Jean Mason has a doppelganger. At least, that's what people tell her. Apparently it hangs out in Kensington Market, where it sometimes buys churros and shops for hats. Jean doesn't rattle easy, not like she used to. She's a grown woman with a husband and two kids, as well as a thriving business, and Toronto is a fresh start for the whole family. She certainly doesn't want to get involved in anything dubious, but still . . . why would two different strangers swear up and down they'd just seen her--with shorter hair furthermore?

Jean's curiosity quickly gets the better of her, and she visits the market, but sees no one who looks like her. The next day, she goes back to look again. And the day after that. Before she knows it, she's spending an hour here, an afternoon there, watching, taking notes, obsessing and getting scared. With the aid of a small army of locals who hang around in the market's only park, she expands her surveillance, making it known she'll pay for information or sightings. A peculiar collection of drug addicts, scam artists, philanthropists, philosophers and vagrants--the regulars of Bellevue Square--are eager to contribute to Jean's investigation. But when some of them start disappearing, it becomes apparent that her alleged double has a sinister agenda. Unless Jean stops her, she and everyone she cares about will face a fate stranger than death


I rate this book at 3.5 stars. This despite the fact that I almost quit reading about halfway through it. At that point, it seemed like just another domestic noir novel and I couldn’t see why it was a Giller prize finalist—what could it possibly offer to deserve that? But I was home on a snowy day, appointments cancelled, coffee waiting, reading blanket at the ready, and I decided that I would give it a few more pages.

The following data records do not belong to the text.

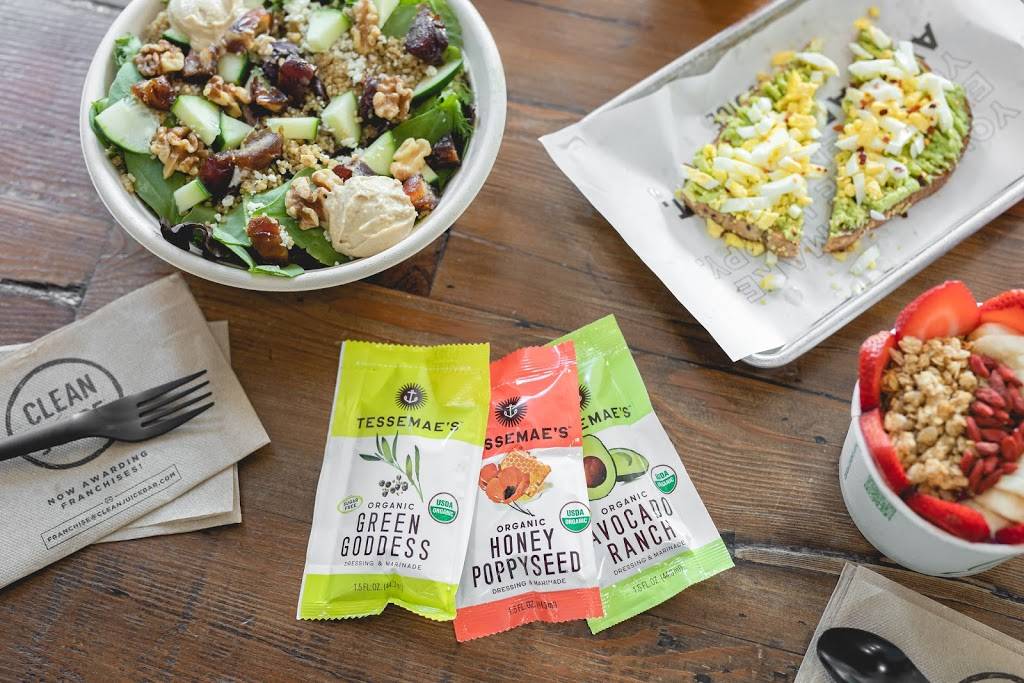 Clean Juice Sandy Plains Marketplace | meal takeaway | 3460 Sandy Plains Rd Suite #600, Marietta, GA 30066, USA | 6784031644 OR +1 678-403-1644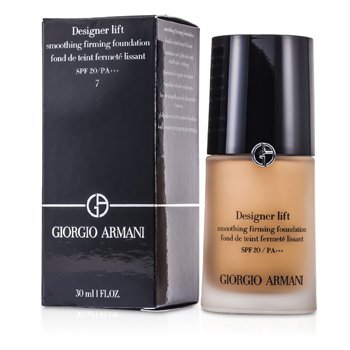 Designer Lift Base Maquillaje Suavizante Reafirmante SPF20 - # 7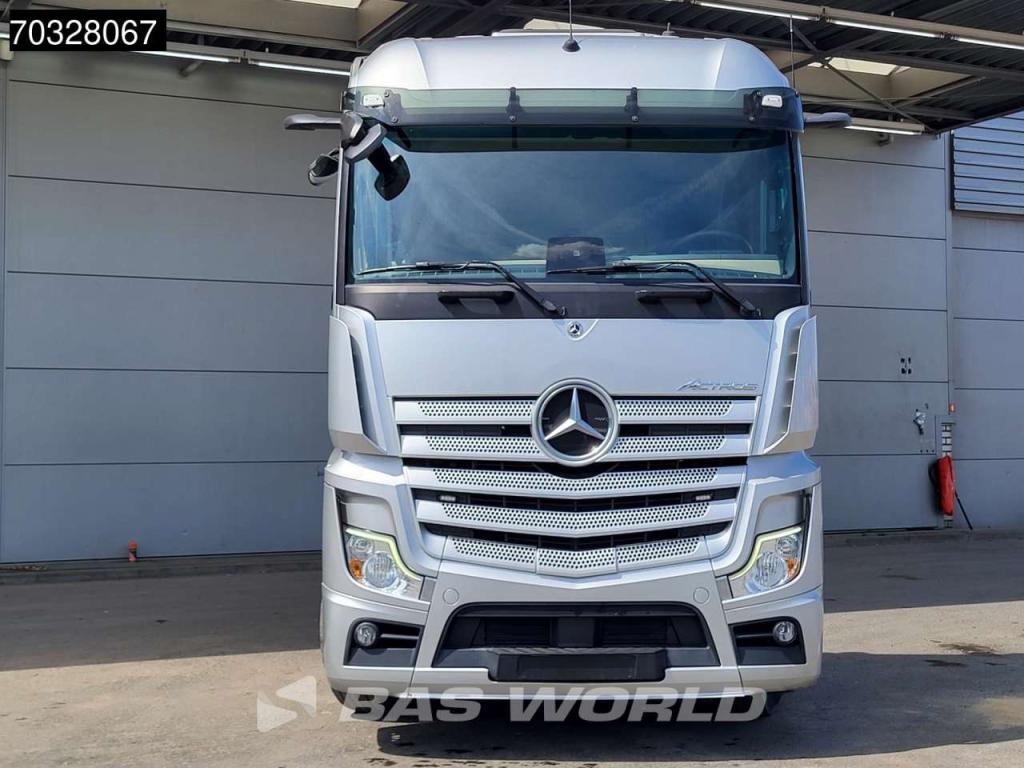 Mercedes-Benz Actros 1843 4X2 StreamSpace Navi Foto 7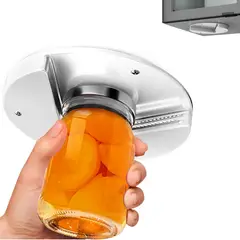 GENERICO - Abridor De Tarros Para Debajo Del Gabinete Para Cocina Hogar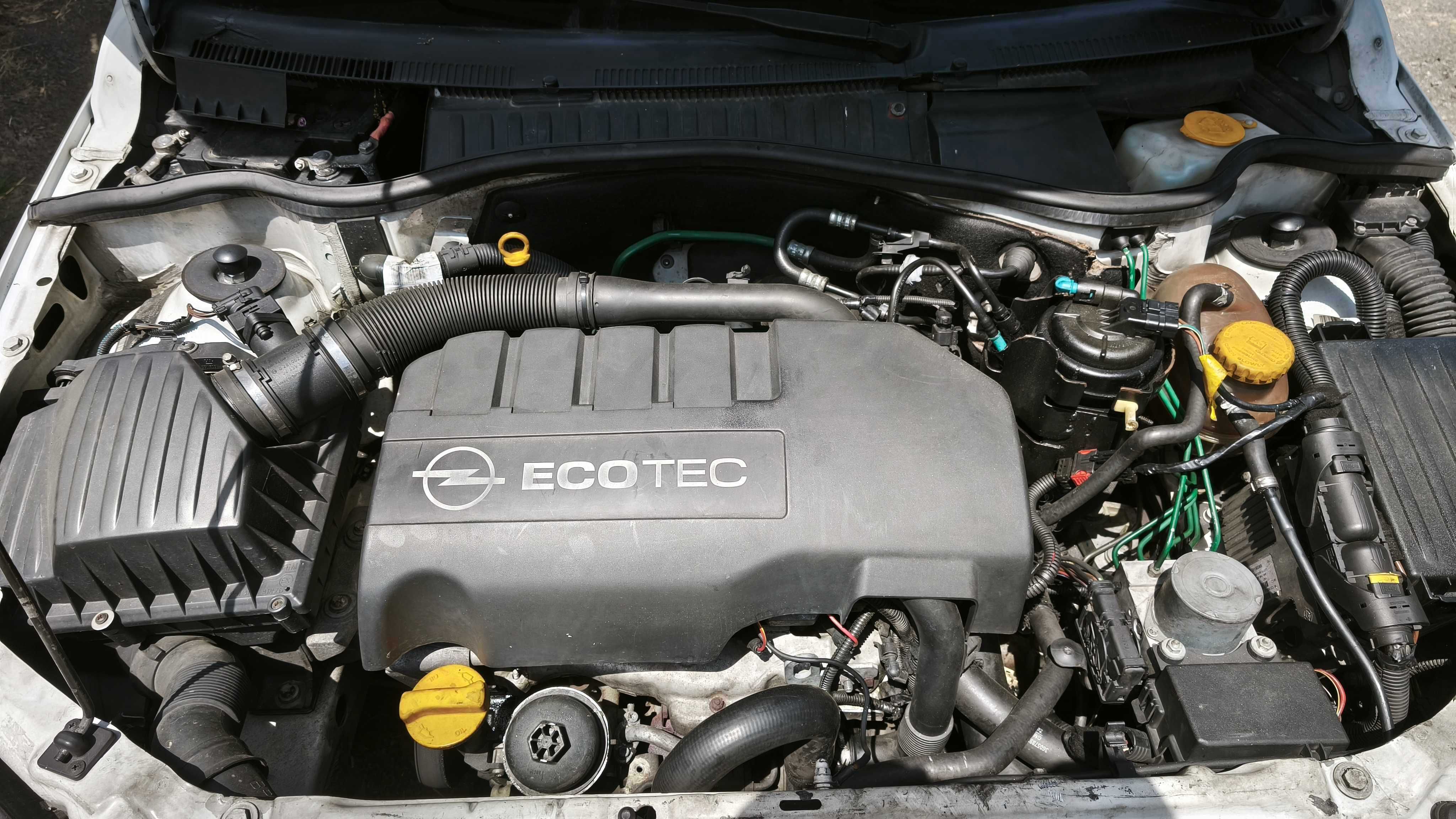 Opel Corsa CDTI 2003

Suddenly things took a completely unexpected turn. I found myself questioning everything. The rest of the book slaloms back and forth between realities until I couldn’t distinguish between them anymore. I was hooked.

And then it ended. Those of you who know me, know that I like messy and ambiguous endings. Except this one. I was left absolutely baffled and unsure what the point of the whole exercise actually was. This was too much even for me.

Apparently there are two more similar books to come. I doubt that I will bother with them after this experience.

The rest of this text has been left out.